ACO’s real-time data helps providers give targeted care
Pathways Health Partners’ efforts are reducing readmission rates, offering insights into discharge data and accelerating treatment.
Pathways Health Partners, an Accountable Care Organization based in the Central Florida region, is helping healthcare providers expand access to value-based care.
The organization currently works with more than 280 providers across multiple clinical specialties. Pathways supports its providers by enabling more immediate access to patient records, connected care platforms and new technological advancements.
In its work with providers, the ACO recognized the growing need for real-time notifications and access to patient information to advance value-based care goals. Lack of timely patient information sharing, regardless of where care is delivered, is a widely recognized gap in the healthcare ecosystem. It was also a key impetus for e-notification requirements within the CMS Interoperability and Patient Access Rule.
To expand the ACO’s data receipt and sharing capabilities for providers, it pursued three strategies – connecting to a national data exchange, providing real-time access to encounter notifications and discharge documents, and enabling mobile device push notifications. A standards-based notifications system was used to support these initiatives, resulting in further improvements in patient outcomes for Pathways providers.
National Data Exchange
Whether managing chronic pain or a recent surgical episode, having real-time access to patient data to treat patients and understand what interventions make the greatest impact is a keystone of the ACO’s successful work with provider partners and across its regional network.
Pathways recently launched PointClickCare’s clinical document retrieval system, which provides patients’ individual clinicians with notifications of hospital admissions and other real-time patient data — information that never existed in the fee-for-service environment.
Through the network, Pathways-participating physicians have immediate access to patient discharge documents, including continuity of care documents (CCDs) and summaries. This real-time access to data has resulted in more immediate interventions and reduced readmissions, according to comparisons of the ACO’s benchmarking data in 2019 to its performance rate in 2021.
The organization has corrected its 30-day readmission rate and will continue to improve through unified access to three of the nation’s largest clinical data exchange networks. The reduction in its readmission rate has even proven true for patients residing in skilled nursing and long-term care facilities.
Discharge data insights
Trying to locate discharge documents is any practice manager’s least favorite task. By providing immediate access to these documents and data, Pathways quickly coordinates with primary care providers to follow best-practice guidelines for quality, cost-effective care.
Since Pathways became an ACO in 2013, there have been substantial changes in the types of data available to its members. Discharge data is the latest addition in the data journey. Previous data aggregation efforts included relationships with data clearinghouses to gather granular detail on registration and payer activity. The ACO achieved a near 100 percent response rate to inquiries on payer activity.
As an ACO, the organization continually gains broader insights into the populations it serves. And it shares those insights with primary care providers to support more informed decisions for their patients. With a growing volume of accessible real-time data, the ACO also introduced new methods to connect and inform care.
Push notifications accelerate treatment
Doctors receive messages from Pathways through a mobile application. Push notifications make the latest data available immediately to hospitalists, nurse practitioners and nurses. This alerts the clinicians that they need to check on a patient right away. Ultimately, these notifications get patients into treatment faster.

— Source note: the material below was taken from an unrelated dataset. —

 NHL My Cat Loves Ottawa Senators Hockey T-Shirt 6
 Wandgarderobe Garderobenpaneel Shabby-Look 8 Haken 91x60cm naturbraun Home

Regardless of a patient’s condition or socioeconomic status, Pathways works with providers to make services and providers available. For example, notifications enable for closer monitoring between short-term and long-term care. They also trigger faster access to care, from SNF, hospice and home care, making all resources available to people equitably.
Knowing that a patient is in the hospital is the first indication for the Pathways team to take action. It layers admission data with transition care management before patient discharge documentation is even produced or received. Lab results are also fully integrated into the organization’s population health data dashboard.

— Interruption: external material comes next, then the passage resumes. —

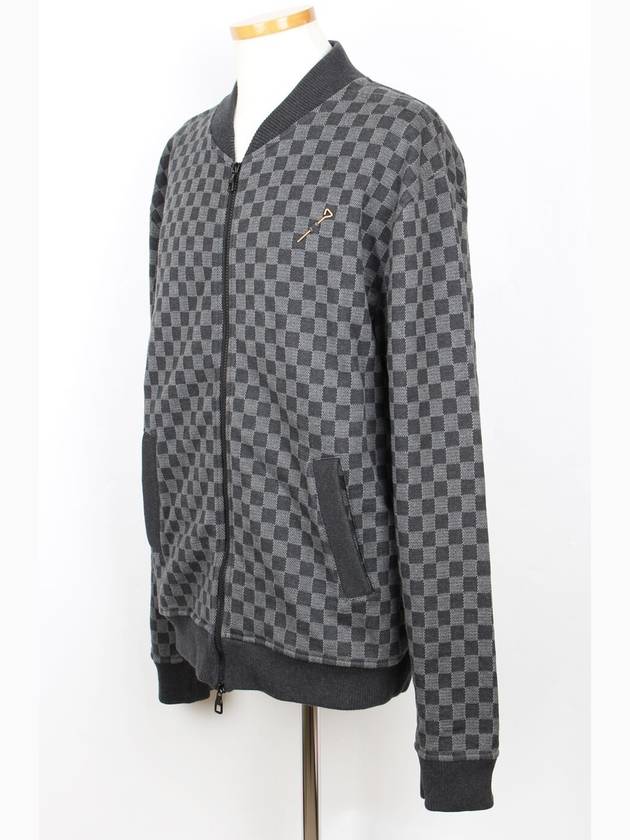 Damier jacquard zip up jacket XL - LOUIS VUITTON - BALAAN 2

In-home visits are cost-effective
Finally, Pathways’ region has limited access to urgent care, which results in high volumes of costly emergency department visits. To point patients in a different direction and support more cost-effective care, the ACO takes urgent care services directly to the patients.
Depending on the severity of a patient’s case, a Pathways Health Partners clinician can personally visit a patient who needs care. The staff then schedules a follow-up visit with a primary care physician within 72 hours. These innovative interventions and additional touchpoints contribute to better health outcomes for patients, providers and the ACO.
Ricardo Matos is CIO for Pathways Health Partners and is a leader in orchestrating transformative business strategy through data-driven decisions. He has served as CIO, CTO and managed care advisor for several Florida-based healthcare organizations.